DATA FOR THIS TASK ▸
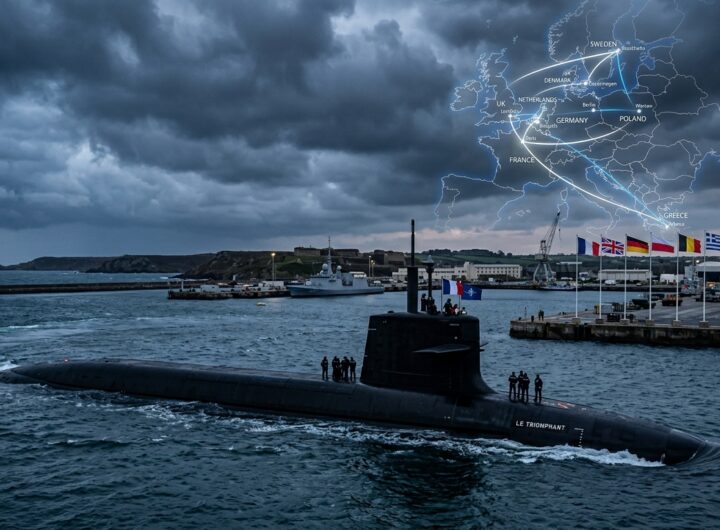 유럽 안보 위기 대응 프랑스 대통령 핵무기 확대 선언 비상시 주변국 방어 지원 방침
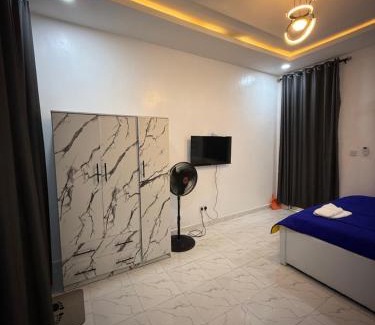 Lagos House | Private Fully Serviced Studio Apartment At Ogudu , AC, Private kitchen and bathroom, Not A Shared, 5 percent off Weekly and 10 percent off Monthly Stays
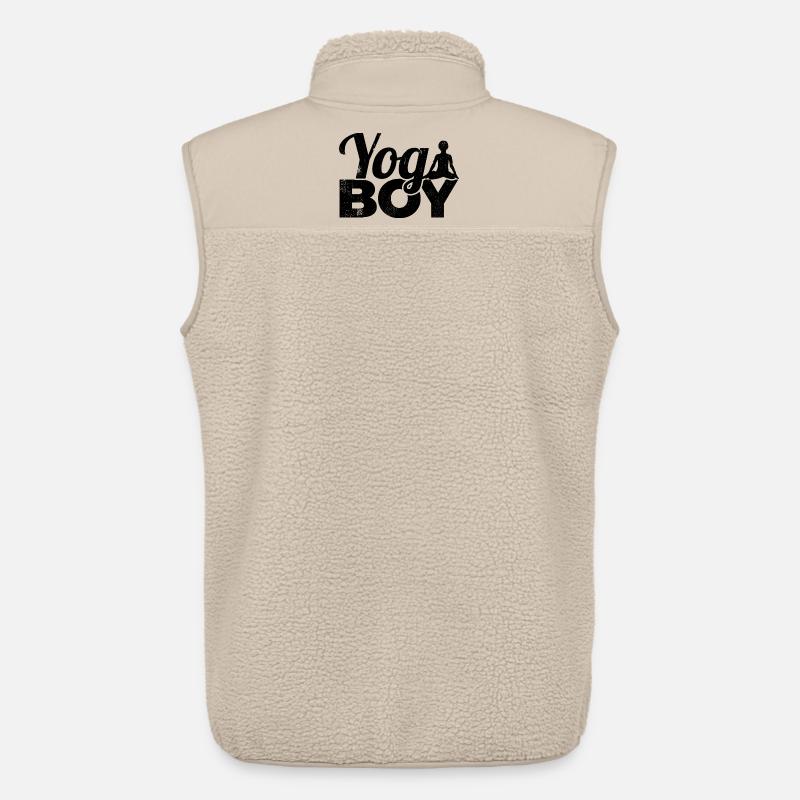 Kleiner Yogi - Unisex Sherpaweste von Stanley/Stella - Beige
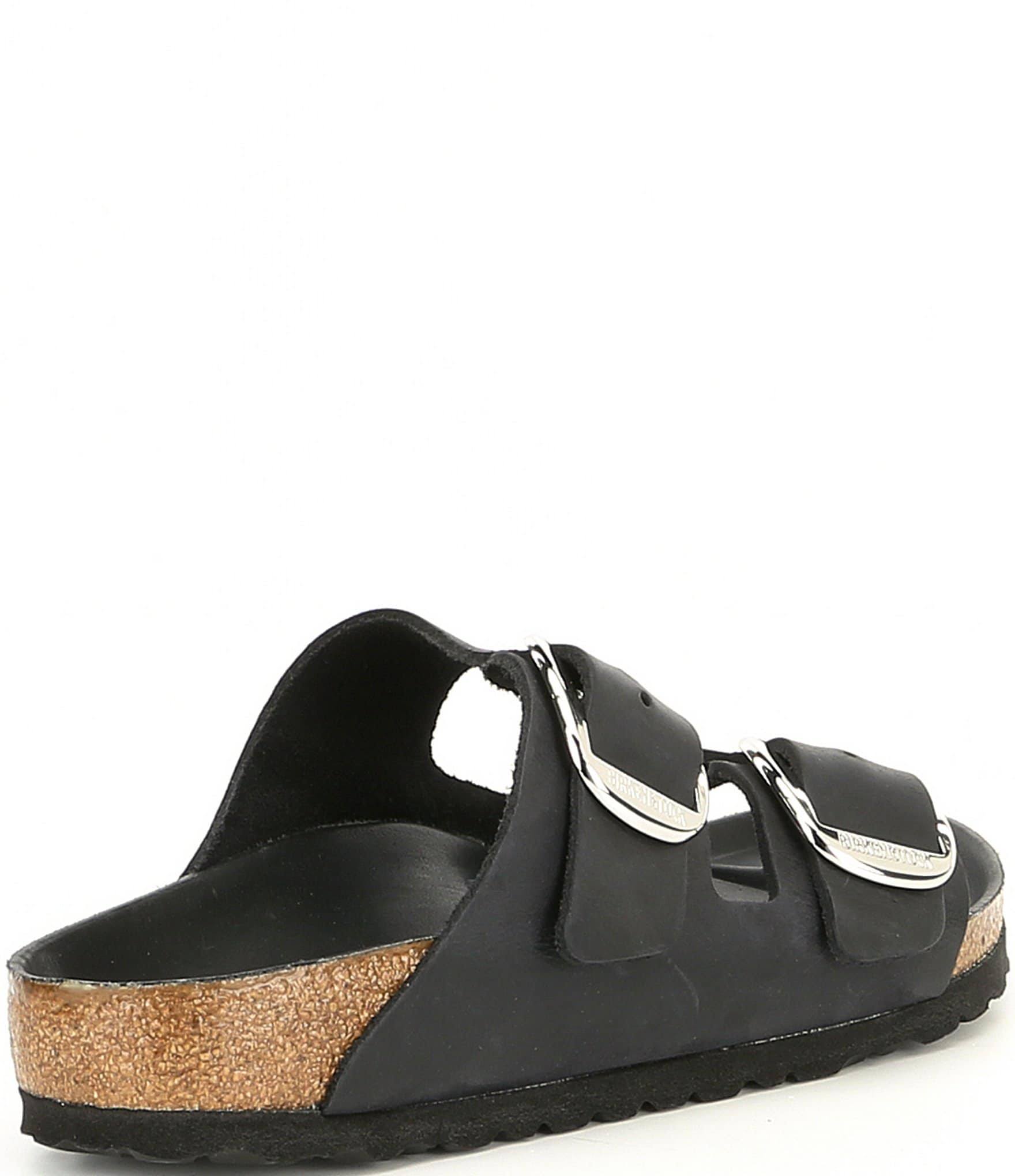 Birkenstock Women's Arizona Big Buckle Oiled Leather Black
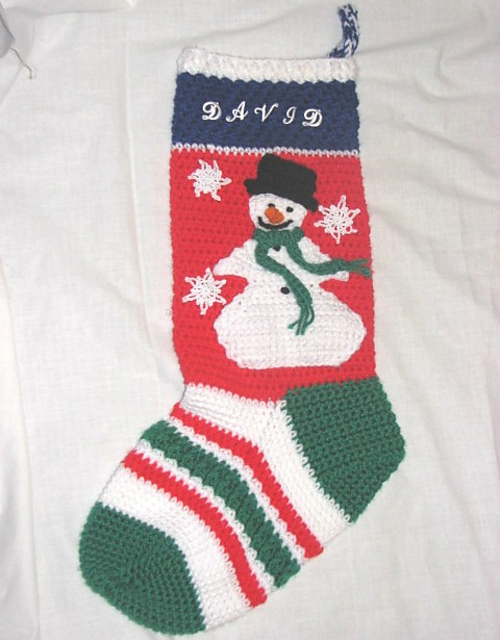 Snowman Stocking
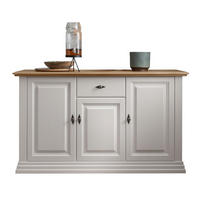 SIDEBOARD  in 157/91/45 cm  - Weiß, Design, Holz (157/91/45cm)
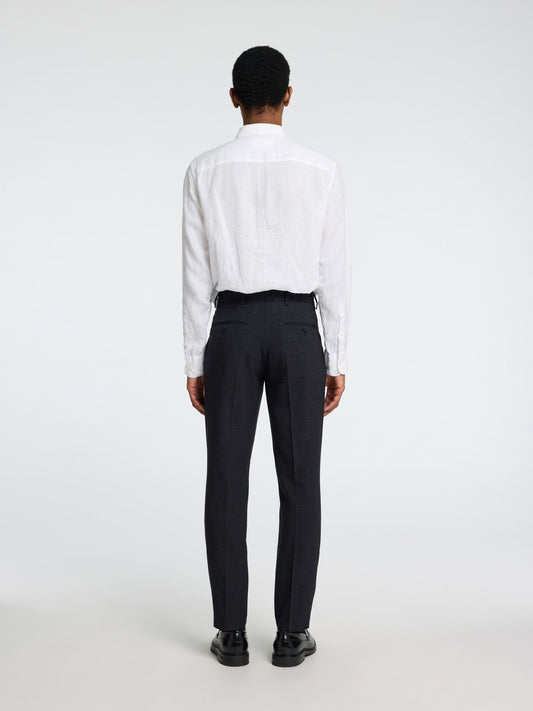 SELECTED HOMME Linen Suit Trouser BLACK
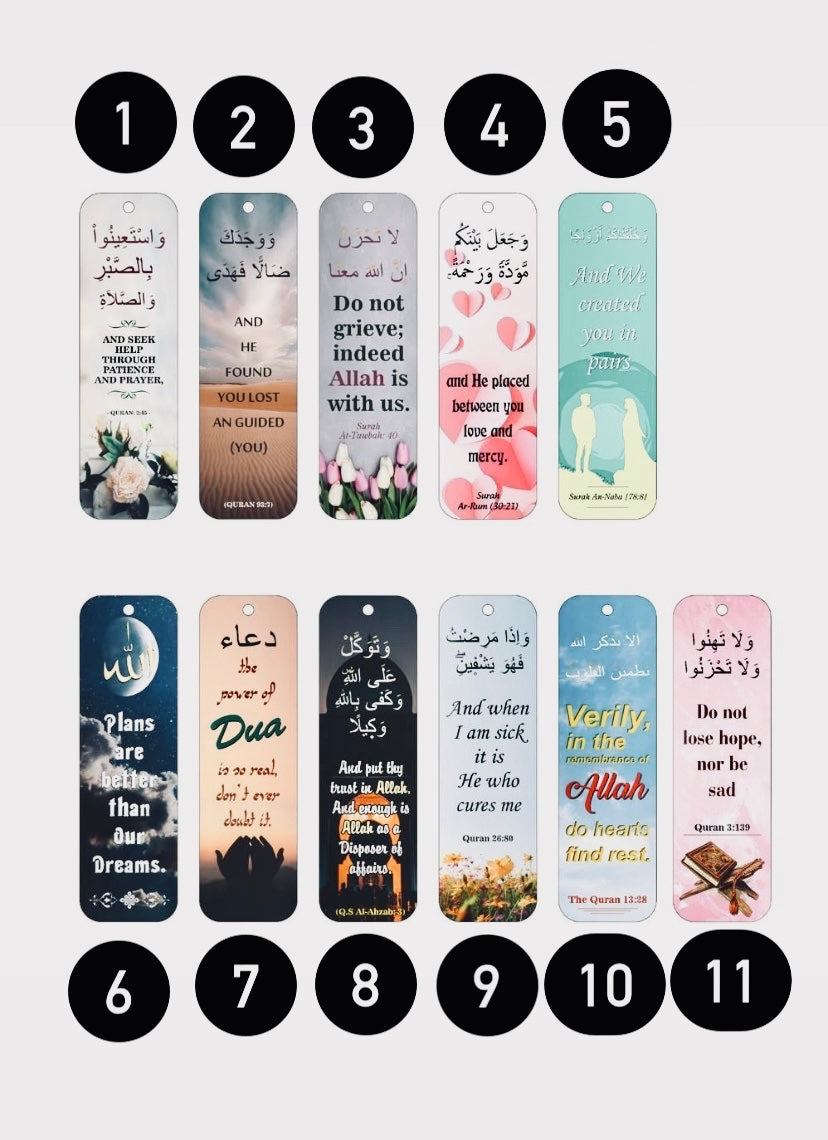 Wooden Quran/ Book Mark - Variety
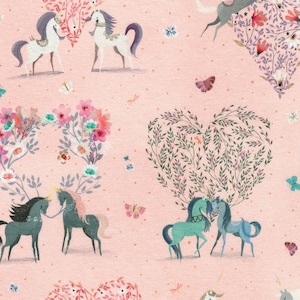 Unicorn Meadow Unicorn Love in Peach Unicorn Meadow Unicorn Love in Peach
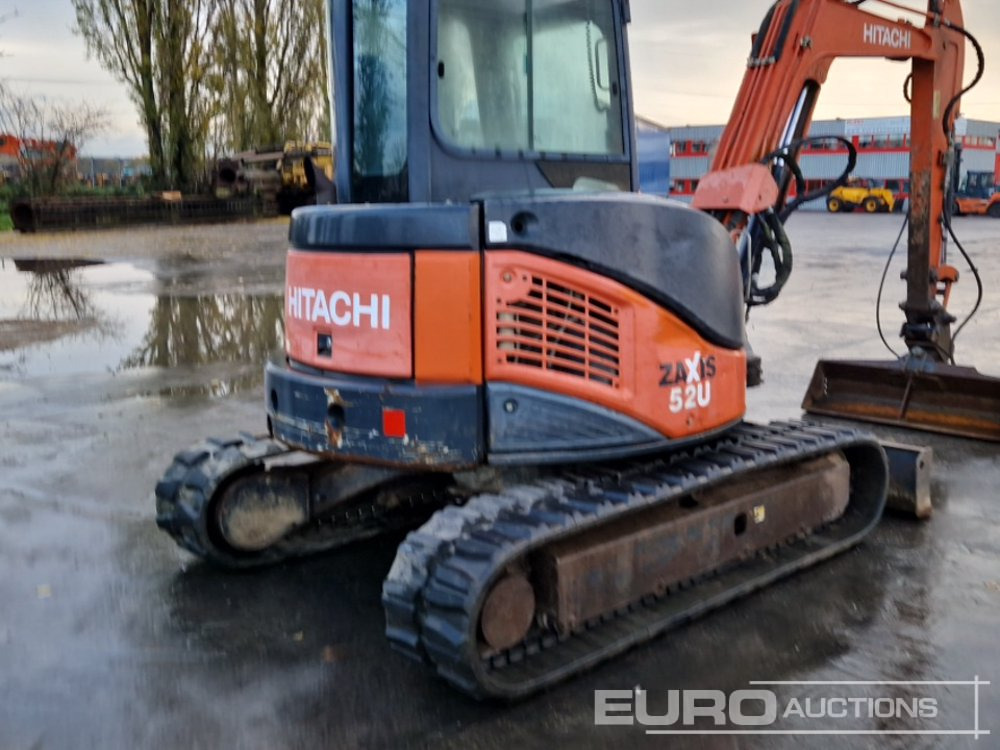 2010 Hitachi ZX52U-3 CLR - حفارة مُصَّغرة: صورة 5 2010 Hitachi ZX52U-3 CLR - حفارة مُصَّغرة: صورة 5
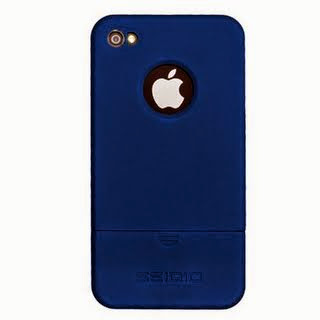Seidio CSRSIPH4-RB SURFACE Reveal Case for Apple iPhone 4/4S - 1 Pack - Retail Packaging - Royal Blue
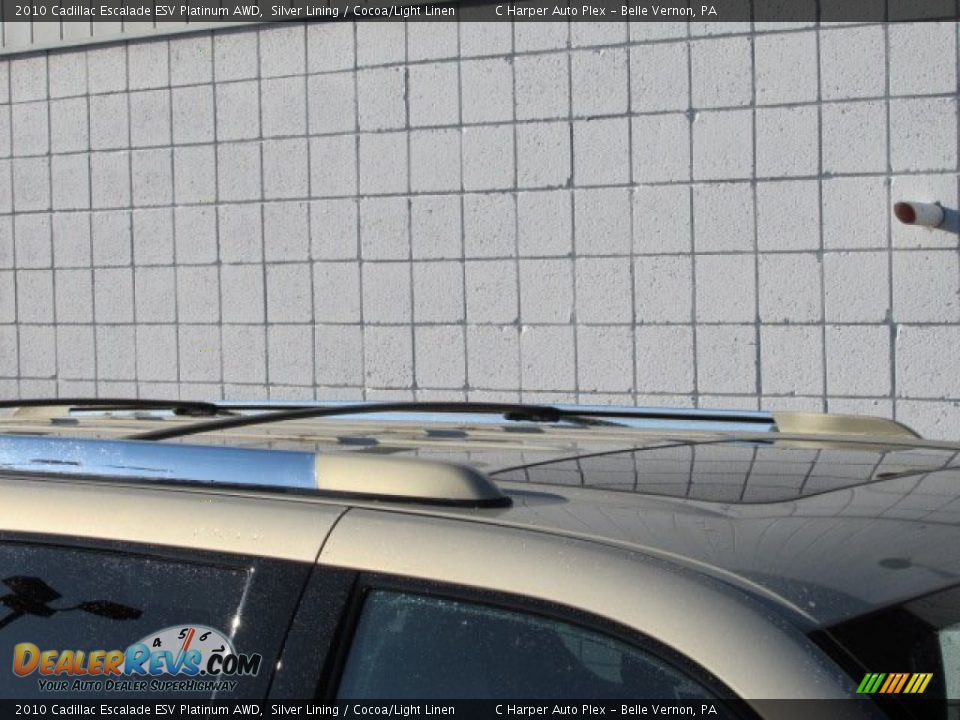 2010 Cadillac Escalade ESV Platinum AWD Silver Lining / Cocoa/Light Linen Photo #4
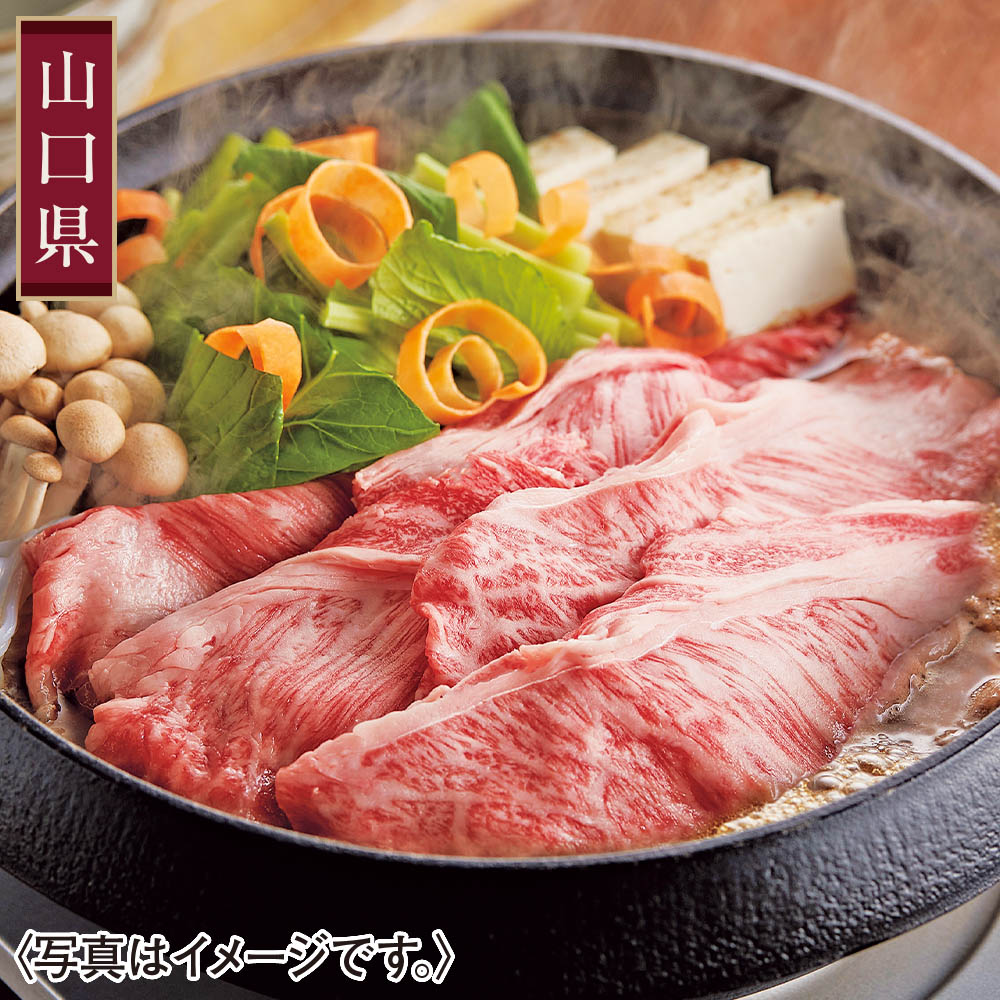 <厳選肉専門店 ふじ匠>やまぐち和牛 燦(きらめき)すき焼き食べ比べセット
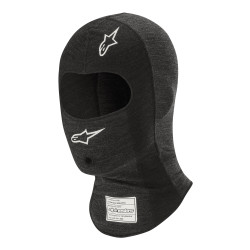FIA fireproof balaclava Alpinestars ZX EVO V2, black/grey
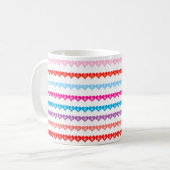 Herzlinien Kaffeetasse (Vorderseite Links)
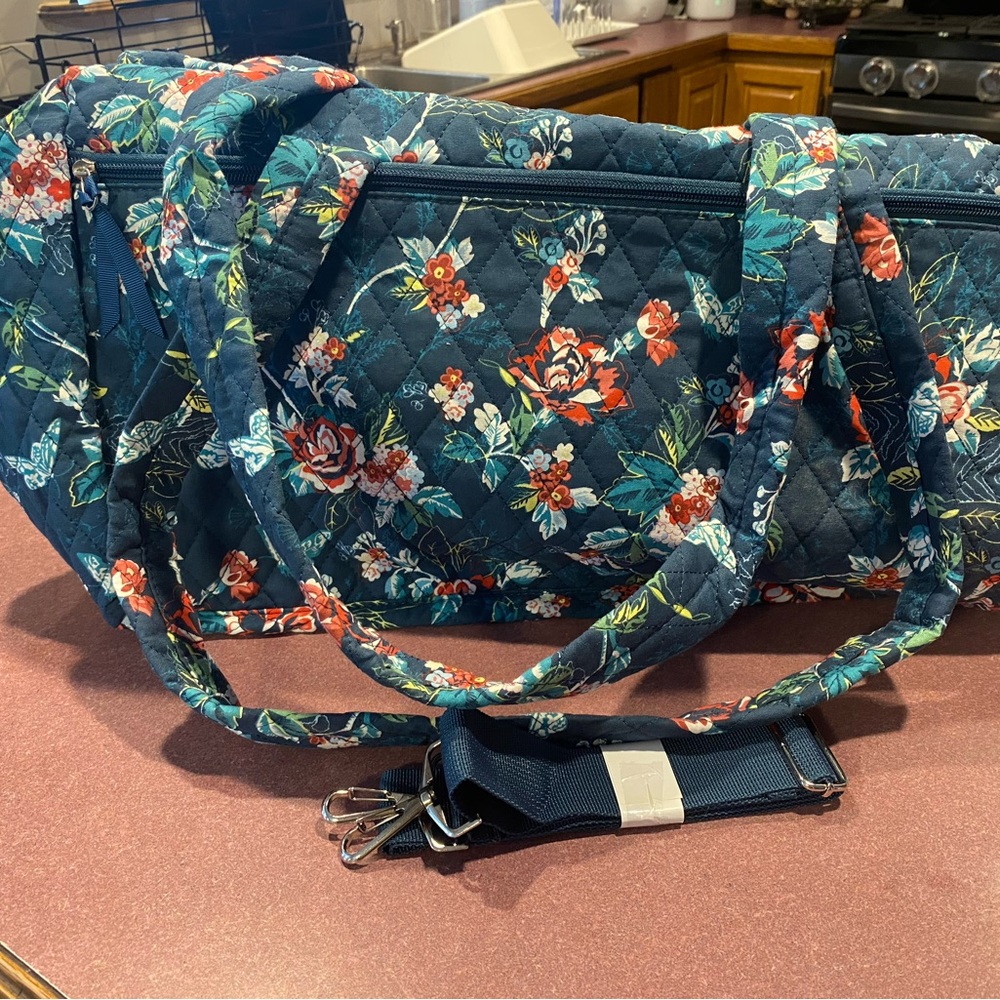 Floral carry on bag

PROBLEM DESCRIPTION ▸ In the listing above, find the line containing "Kleiner Yogi - Unisex" and the line containing "Unicorn Meadow Unicorn Love in Peach Unicorn". Reproduce those lines and all between them exactly, with no pictures and nothing more.

ANSWER FOR THIS EXERCISE ▸
 Kleiner Yogi - Unisex Sherpaweste von Stanley/Stella - Beige
 Birkenstock Women's Arizona Big Buckle Oiled Leather Black
 Snowman Stocking
 SIDEBOARD  in 157/91/45 cm  - Weiß, Design, Holz (157/91/45cm)
 SELECTED HOMME Linen Suit Trouser BLACK
 Wooden Quran/ Book Mark - Variety
 Unicorn Meadow Unicorn Love in Peach Unicorn Meadow Unicorn Love in Peach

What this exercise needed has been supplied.